[BUG]: AOT example does not work
Here's a code snippet using the example from here:
import torch as th
import functorch as fth
def fn(input, bias, residual, p: float):
a = th.add(input, bias)
b = th.nn.functional.dropout(a, p, training=True)
c = b + residual
return c
aot_fn = fth.compile.aot_function(fn, print_compile_fn, static_argnums=(3,))
aot_fn(th.randn(4, ), th.randn(4,), th.randn(4,), p=0.3)
which produces the following error on functorch==0.1.1 :
RuntimeError Traceback (most recent call last)
Input In [59], in <cell line: 10>()
5 return c
7 aot_fn = fth.compile.aot_function(fn, print_compile_fn, static_argnums=(3,))
---> 10 aot_fn(th.randn(4, ), th.randn(4,), th.randn(4,), p=0.3)
File ~/miniconda3/envs/charm/lib/python3.8/site-packages/functorch/_src/aot_autograd.py:389, in aot_function.<locals>.returned_function(*args, **kwargs)
387 num_tensor_args = len(flat_tensor_args)
388 flat_args_for_cache = flat_tensor_args + static_args_hashed
--> 389 cached_res = compile_cache.at(
390 fn_id,
391 fw_compiler_id,
392 bw_compiler_id,
393 num_tensor_args,
394 hasher_type,
395 *flat_args_for_cache,
396 )
398 # Compile the function and save it in the cache
399 if cached_res is None:
400 # Save the args_spec for flat_tensor_args to unflatten while tracing
RuntimeError: Found an argument of type float at index 3. Non-tensor arguments must be marked static. Please set the static_argnums correctly to mark the argument at index 3 static
Any help on how to proceed? Any quick fix that could work?
Thanks in advance for this awesome work!
cc @Chillee
Unfortunately, we don't support kwargs properly right now with AOTAutograd (particularly with static_argnums).
So, it works if you remove the p=0.3 from the function.
I see... whats a reasonable timeframe in which this might get implemented?

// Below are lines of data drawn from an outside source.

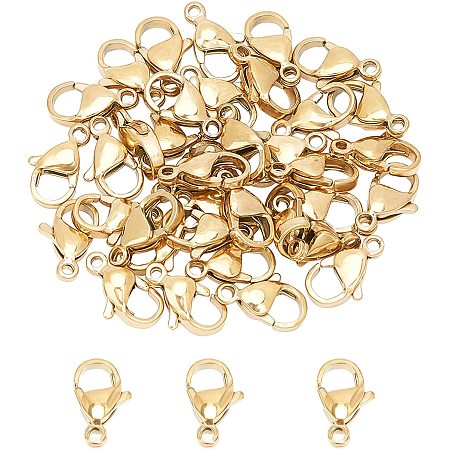 UNICRAFTALE 50pcs Stainless Steel Lobster Clasps Claw Clasps Keychain Hooks Golden Lobster Clasps for Necklace Making DIY Claw Clasps of Jewelry Making Hole 1.5 mm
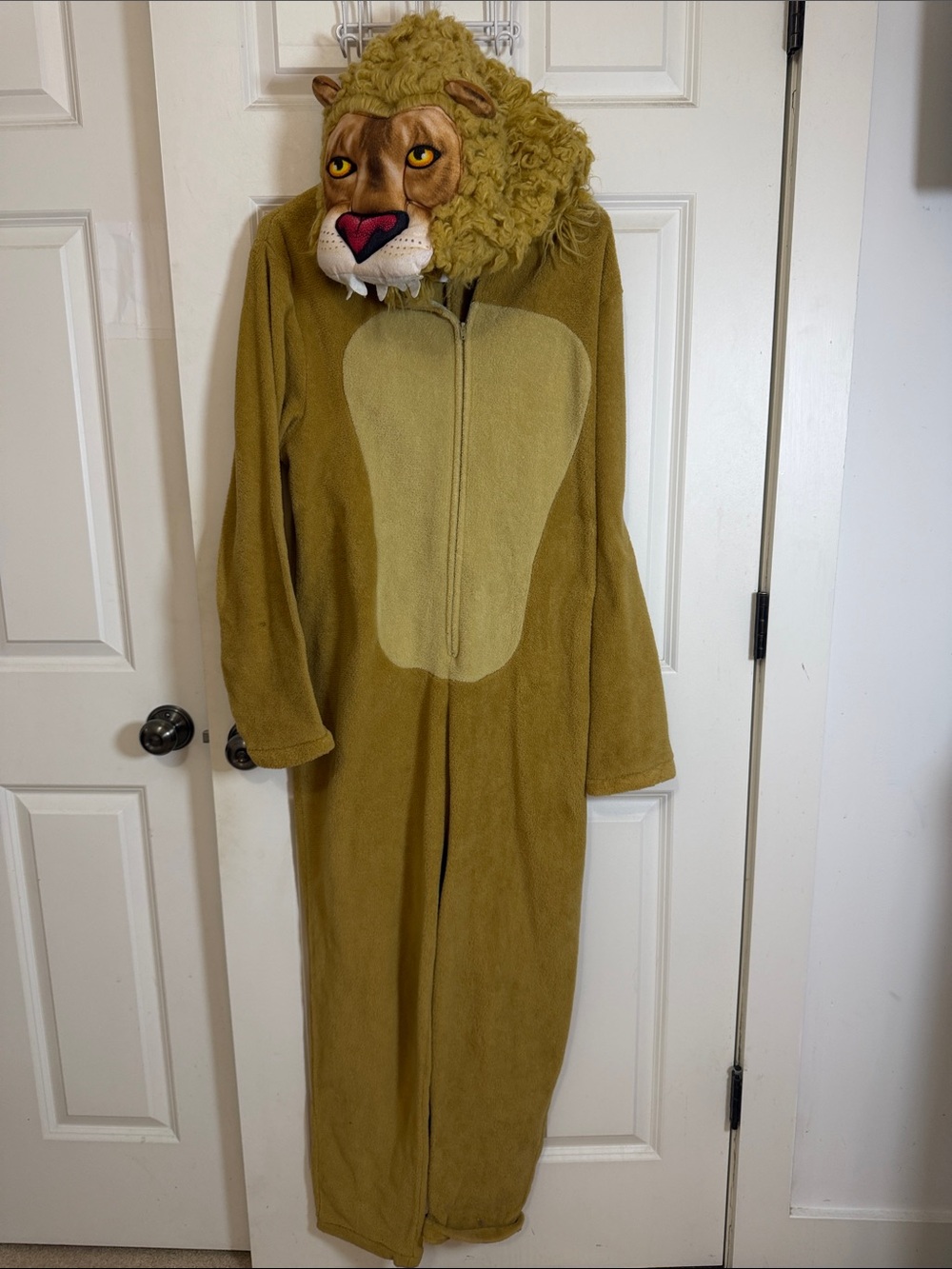 Lion Zip Up Hoodie Costume size large tan, and brown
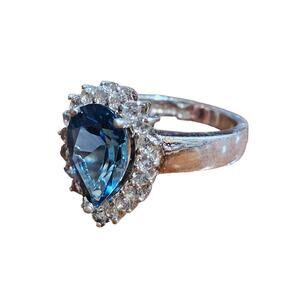 925 Sterling Silver London Blue Topaz White Zircon Teardrop Ring Womens Size 6.5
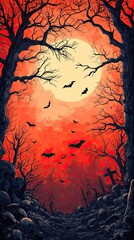 Canvas Print - Haunting Landscape with Moon and Bats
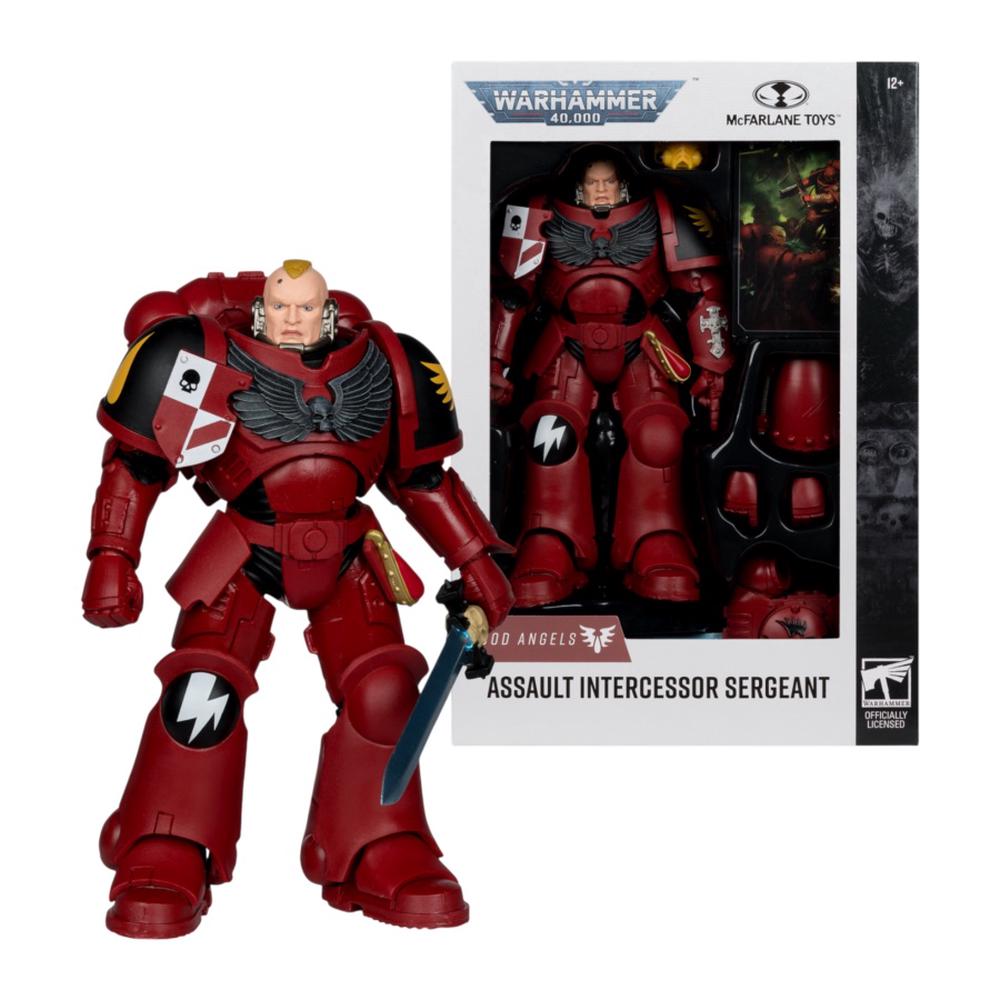 McFarlane Toys Warhammer 40000 - Blood Angel Assault Intercessor Sergeant Figure - 7 Inches, 0787926109481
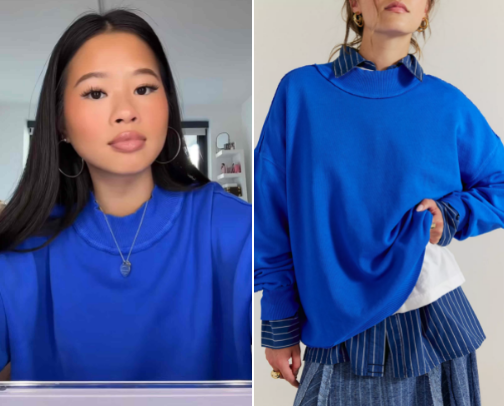 katie’s blue mock neck sweater!! cover photo collage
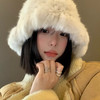 FOURDATRY 白色毛绒渔夫帽女秋冬显脸小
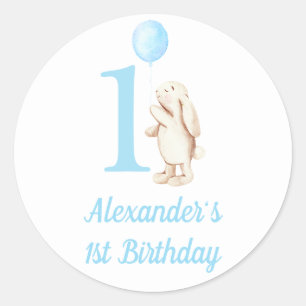 Bunny & Balloon Blue 1st Birthday Classic Round Sticker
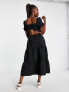 Фото #3 товара The Frolic milkmaid maxi smock dress in textured black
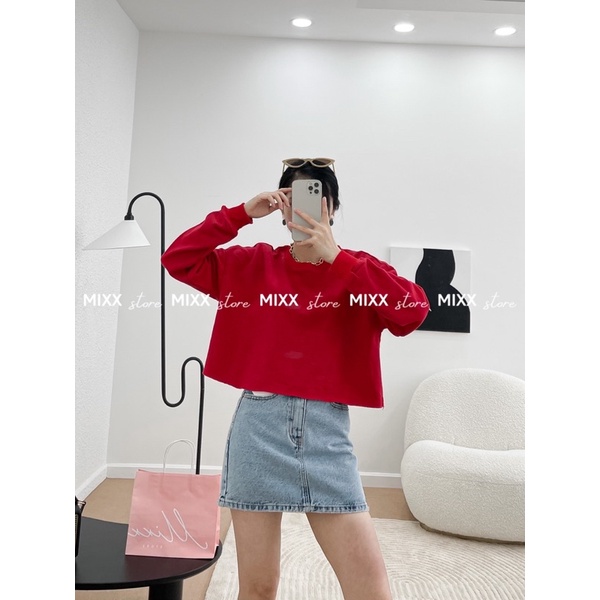 Áo Thun Nỉ Zara tay dài chất thun da cá dày mịn bo cổ tay màu xịn đẹp phom lửng vừa trẻ trung
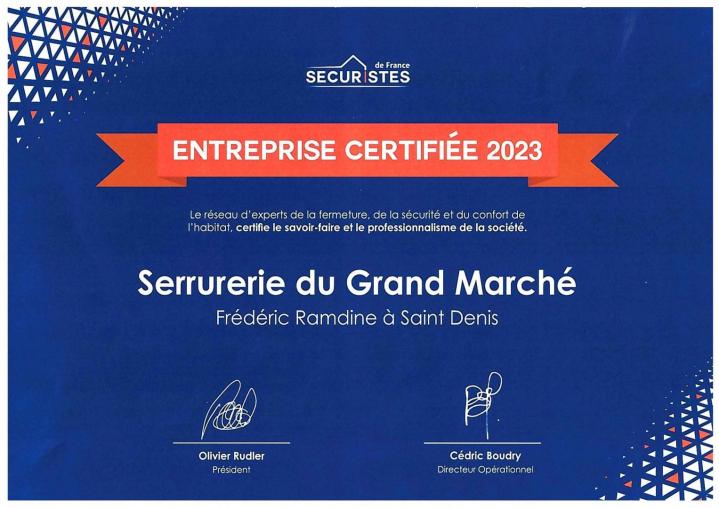 Certificat d'entrerpise 2023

@lucidrains so i tried it for the memory-efficient attention but couldn't get it to work faster than the original (the difference was so small it wasn't justified...) so i guess we might want to try triton? tbh, i think it would be worth looking at how the jax compiler imoplements it under the hood, because it seems to take no hit in runtime when compared to torch's einsum.